Thoughts in Anthropologie

This past Friday, after a long week of assignments crammed into a rigid schedule, my roommates and I decided it was time to let loose. So clearly, we drove to Anthropologie to indulge ourselves in smelling candles the size of our heads and applying lotions and perfumes at liberty from petit glass bottles and floral tubes labeled “tester.”

While absent mindedly roaming throughout the rooms, my hand passing over fabrics that grabbed my eye, I saw an old copy of the Darling Magazine published last summer alone on a shelf and picked it up to flip through the colorful print. I was stopped in my tracks when I turned the copy over and read the back cover:

“Darling is the art of being a woman. Darling Magazine holds the modern mold of woman up to the fire to evoke a discussion on femininity and re-shape an authentic design. Darling is a catalyst for positive change; leading women to discover beauty apart from vanity, influence apart from manipulation, style apart from materialism, sweetness apart from passivity, and womanhood without degradation … Darling says women are not only interesting, but original, not only good enough, but exceptional — not just here, but here for a purpose.”

And just like that, though my books were safe at home and my lecture halls locked on Grounds, my mind was sent reeling. What bold, valiant claims about women — about people. Darling Magazine’s mission statement is startling; it is not an all-accepting, neutral language justification of femininity, or humanity, as it’s commonly or popularly practiced today. What I stumbled upon was a counter-cultural celebration of a people at their core without overarching, blind approval of all actions and expressions of our modern times.

I can only imagine that reactions to such a statement have been mixed within the years of Darling’s publication — that our reactions reading it now are diverse. Perhaps the statement’s potency excites you; perhaps it’s blatant naming of flaws within the practice of womanhood make you uncomfortable; but it is asks to be engaged. I think it’s uncomfortable, shocking, and all together wonderful because it reminds us that as women — specifically in this case, but just as truthfully of men, as people — we are not finished. We are not finished furnishing, or even finding, our highest, purest form.

The strength of Darling’s statement comes from its verbs. It comes from its holding, evoking, re-shaping, leading and discovering. The verbs are grammatically what draw us into each sentence. However, these verbs are also what cause us to shy away from this described pursuit in everyday practice. Why? Because these are not adjectives to idolize, they are verbs that evoke action. This is different from the idea of immediate acceptance that we tend to put on a pedestal.
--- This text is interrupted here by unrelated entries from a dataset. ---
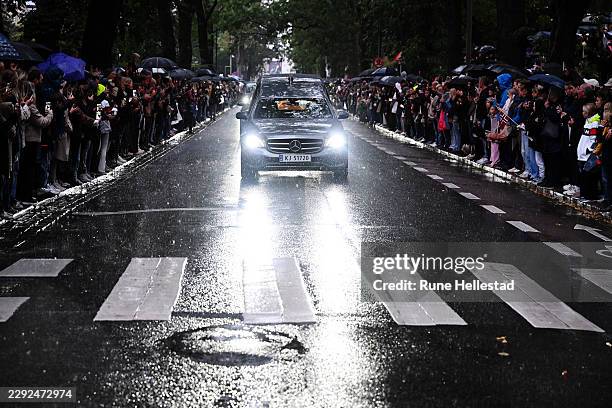 People line the street as the hearse carrying the coffin of King Harald V of Norway escorted by members of the royal family arrives at Parkveien on...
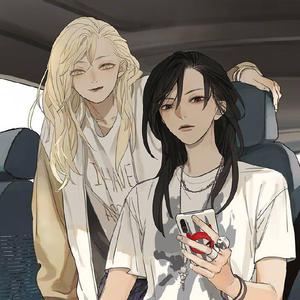 俄罗斯美女的大黑逼
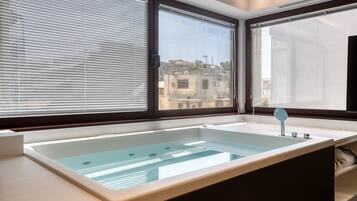 Queen Suite Elea | Vue de la chambre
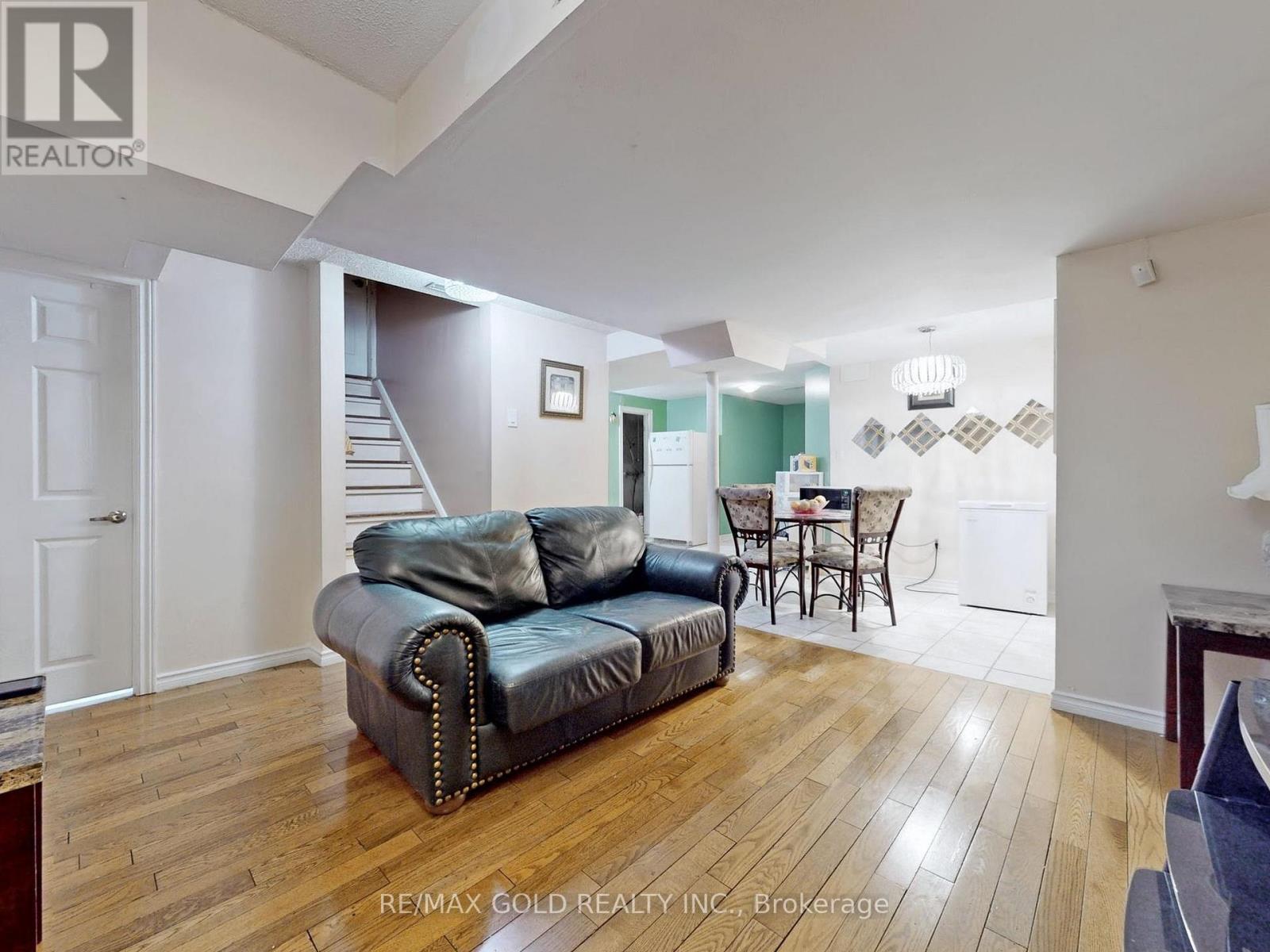 64 Prue Court, Brampton, Ontario  L6P 1P8 - Photo 29 - W10341844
This says, “no, we are not there.” Yes, there is work to be done. It draws us in because we were created to have a mission; it pushes us away because we know it’s difficult. It’s not stopping where we are, but continuing to travel onward.

A lot of this work takes place in parting, a shocking notion of doing what we have become afraid to do: separate into categories. Parting returns to the good and the bad in order to set the good apart from the bad; not in an effort to condemn, but in a refusal to uphold that which is hurtful.

How dare they bring up vanity, manipulation, materialism, passivity and degradation? How dare we not! How dare we not look at modern womanhood, taught and practiced, for what it is, isn’t and all we desire it to be. How dare we not desire to uproot what cripples us — and the rest of humanity in this world. It’s not the language of inclusion and acceptance we are so comfortable with; there is instead a plea to divide out and exclude what isn’t true, isn’t healthy and isn’t right, not in the form of groups of people, but in the ways these ill forms are muddled within each of us. I don’t believe this definition is specific in a pursuit to limit women, but rather in a pursuit to see them; and even more so, in a pursuit to see what we could be.

This is heavy, honest work. It’s work that we haven’t — and won’t — finish. But it is the work that recognizes that we are here: it is work that acknowledges our potential because it refuses to settle for less than we can be as people. It is work that acknowledges that we have a purpose and it begs us to rise to fulfill it.